Putin's visit to Great Britain changed attitude to Russia for the better
The official visit of Russia President Vladimir Putin to Great Britain is over; it's time to analyze all possible advantages of closer partnership between Russia and Great Britain. It is quite understandable why Vladimir Putin was so warmly received in Great Britain: indeed, both parties are interested in supplies of Russian gas to England.
This kind of cooperation is very advantageous for Russia as it will yield tens of billions of dollars. Great Britain is also interested in this cooperation very much, as the country is experiencing shortage of fuel at the beginning of a new century. Russia's plans are rather ambitious: it wants to cover 20% of Britain's need for gas and oil.

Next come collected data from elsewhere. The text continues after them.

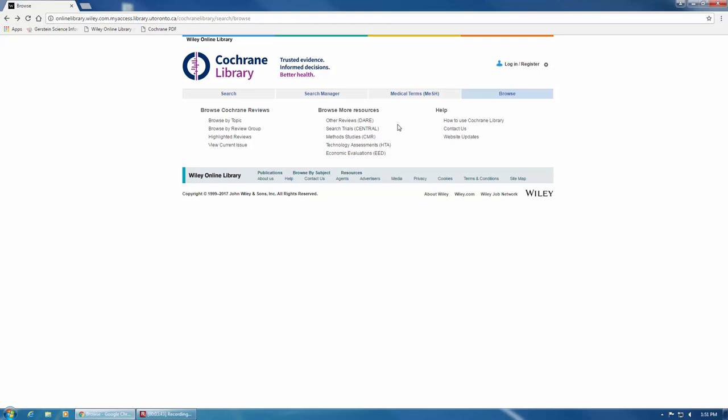In my next video, I'll teach you the basics of translating a comprehensive MEDLINE search into Cochrane. If you have any questions about the Cochrane Library, please feel free to email us at ask.gerstein.utoronto.ca.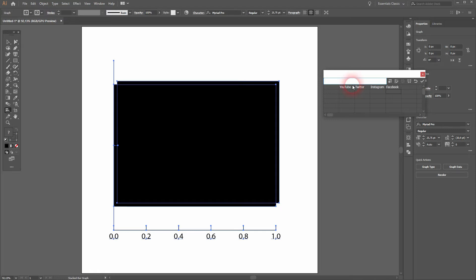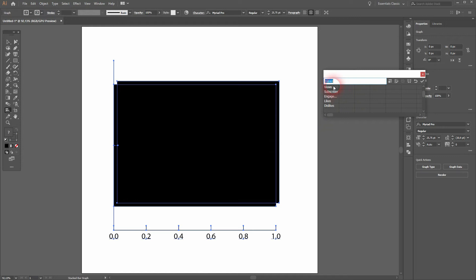I'll just use the social media names. And then create some parameters for the y-axis. So I've got five views to dislikes — these will be on the y-axis. And the social media companies will be stacked on the x-axis. I'll give them random values.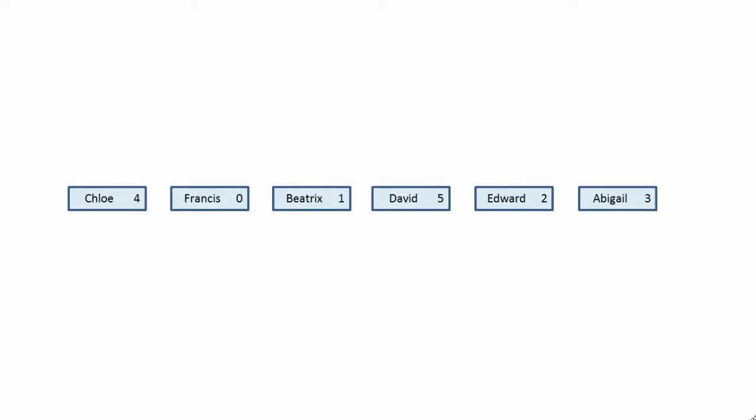Here's a linked list. The data doesn't appear to be in any particular order. The order of these items is implied by a system of pointers. We have a pointer called Start which indicates the first item in the list, in this case Abigail.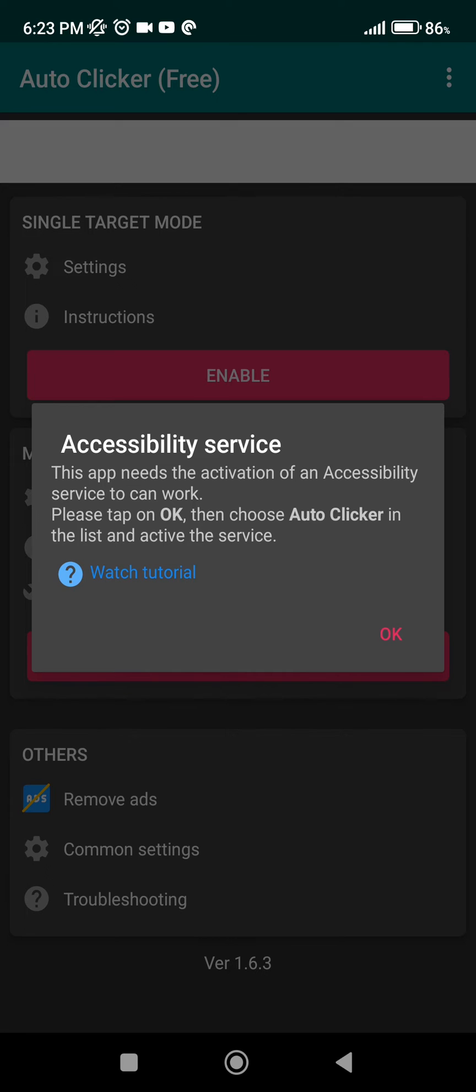Then it's going to ask for accessibility service. We're going to click on OK.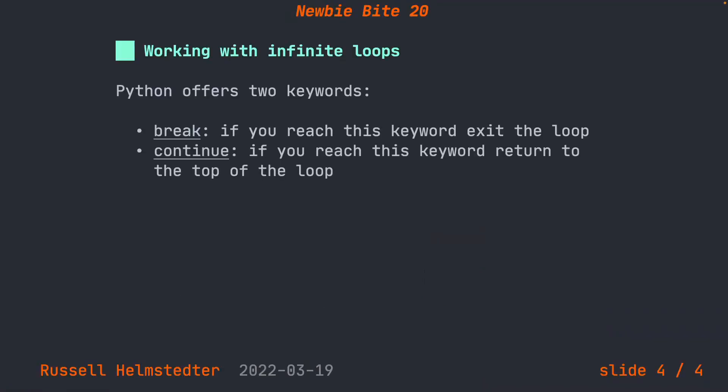When you're working with infinite loops, Python offers you two keywords. The first is break and the second is continue. If you reach the break keyword, you will exit the loop completely. And if you use the continue keyword, you will go from wherever you currently are in the loop back up to the top and re-execute the loop one more time.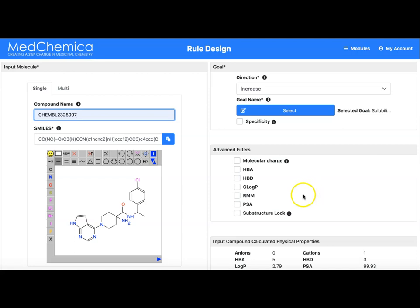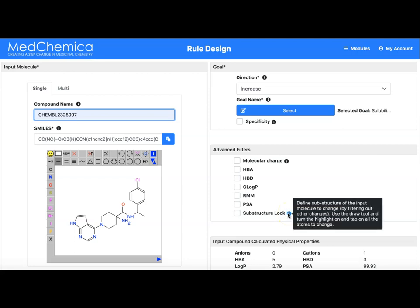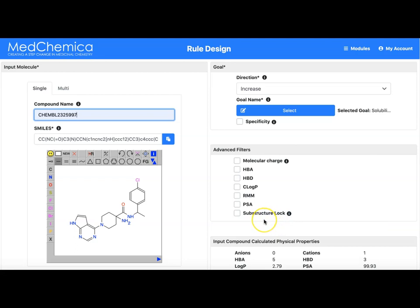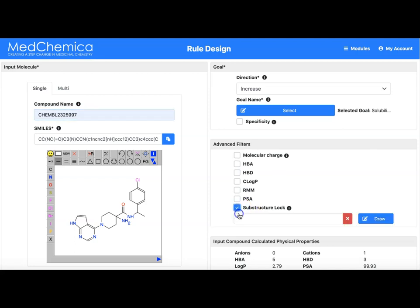The last filter is called the substructure lock. Hovering over the information icon will remind you what this feature does. Without the feature being clicked on there will be no filtering of the products based upon substructure. If we enable this feature we can then enter a substructure lock. A substructure lock is a substructure that must be present in the final products.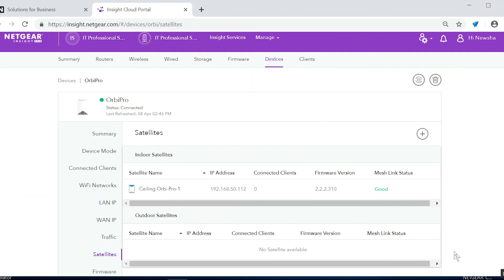Now you're all done. You've added your SRC60 to your Orbi Pro system, and by adding it to your Insight account, you can manage and monitor it from anywhere. Go ahead and enjoy your Wi-Fi.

Gas usage is gaining popularity in the United Kingdom. There is some information saying that by the year of 2020, 70 percent of electric energy in the country will be generated using gas and 90 percent of this gas will be imported from other countries. Some experts doubt if it is expedient to increase the export of Russian natural resources to Great Britain. If the export increases the country will depend upon Russian supplies. This fact is unwelcome for British politicians who traditionally consider Russia a developing country that must be given instructions; they say dependence upon Russia is impossible.
There is an opinion in Great Britain saying that Russia should be one of gas suppliers, but not the only one. Opponents to the Russian-British cooperation suggest an alternative to consider Norway, Algeria, Venezuela and some African countries as probable suppliers of natural resources.
Meanwhile, contracts to the sum of several billions of dollars have been already concluded with Russian oil and gas corporations.
The visit of the Russian president to Great Britain has changed the attitude to Russia and the tone of publications about events in this country. Currently Russia is more often considered a partner profitable in many respects. Now many mass media pay less attention to such problems as Chechnya and Chechen terrorists as they treat them as Russia's domestic problems. It is more important now to cooperate in politics and economy, not provoke conflicts.